The first of the “12 days of OpenAI” was marked by the announcement of ChatGPT Pro and the OpenAI o1 model, previously in preview. On December 20, the start-up closed the series in style by unveiling the o3 family, still in the testing phase, equipped with significantly improved reasoning capabilities.
OpenAi o3 is the improved version of its predecessor o1.O2 being the name of the largest mobile network operator in the United Kingdom, OpenAI preferred to ignore o2 to avoid any conflict.
The advanced reasoning capabilities of OpenAI o1 and o3 are based on chain of thought and reinforcement learning (RL). Chain thinking is a process where AI breaks down a complex problem into simpler sub-problems before coming up with a solution. Using reinforcement learning, models perfect this chain of thought and refine their strategies. They learn to identify and correct their mistakes, break down complex steps into simpler steps, and try a different approach when the current approach doesn't work.

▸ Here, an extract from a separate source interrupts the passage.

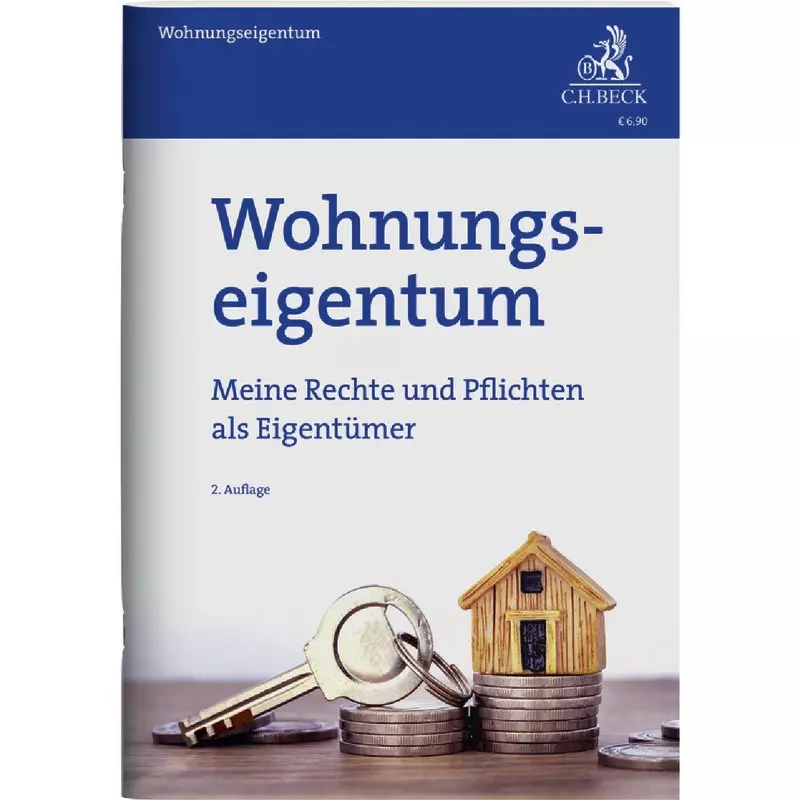Wohnungseigentum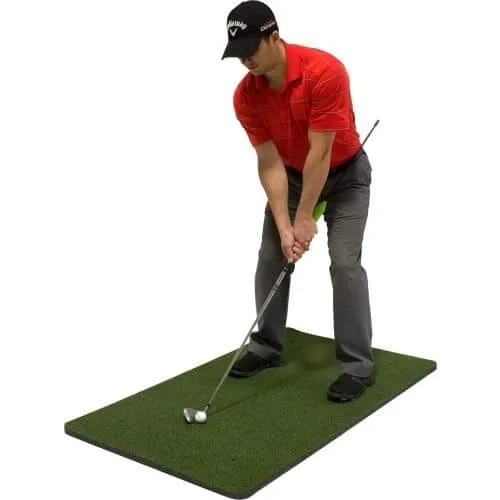 Golf Chip Stick Aids Golf Swing Trainer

The ability to break a problem down into steps and attempt to critically judge the answers provided in order to simulate human thinking is particularly useful in areas requiring lengthy and nuanced reasoning:
- Complex mathematics : Multi-step problem solving, where a simple calculation or logic error in one step can compromise the final result;
- Programming : Analysis of errors in a code and development of an optimal solution after considering several options;
- Sciences : Understanding and application of complex scientific theories to resolve multifaceted questions.
The OpenAI o3 family
The new family has two models: o3 and o3-mini, a faster and more economical version, offering similar capabilities at a fraction of the cost and latency of the o1-mini model which OpenAI says excels in STEM, in particular. math and coding.
o3 performance
On the “Abstract and Reasoning Corpus for Artificial General Intelligence” (ARC-AGI) benchmark developed by the creator of Keras, the open source deep learning library, François Chollet, in order to measure the effectiveness of skills acquisition by AI on unknown tasks, o3 achieved the best scores: it not only tripled the performance of o1 with a score of 75.7% on a semi-private evaluation where computing resources are limited, but achieved that of 87.5% on the high calculation setting.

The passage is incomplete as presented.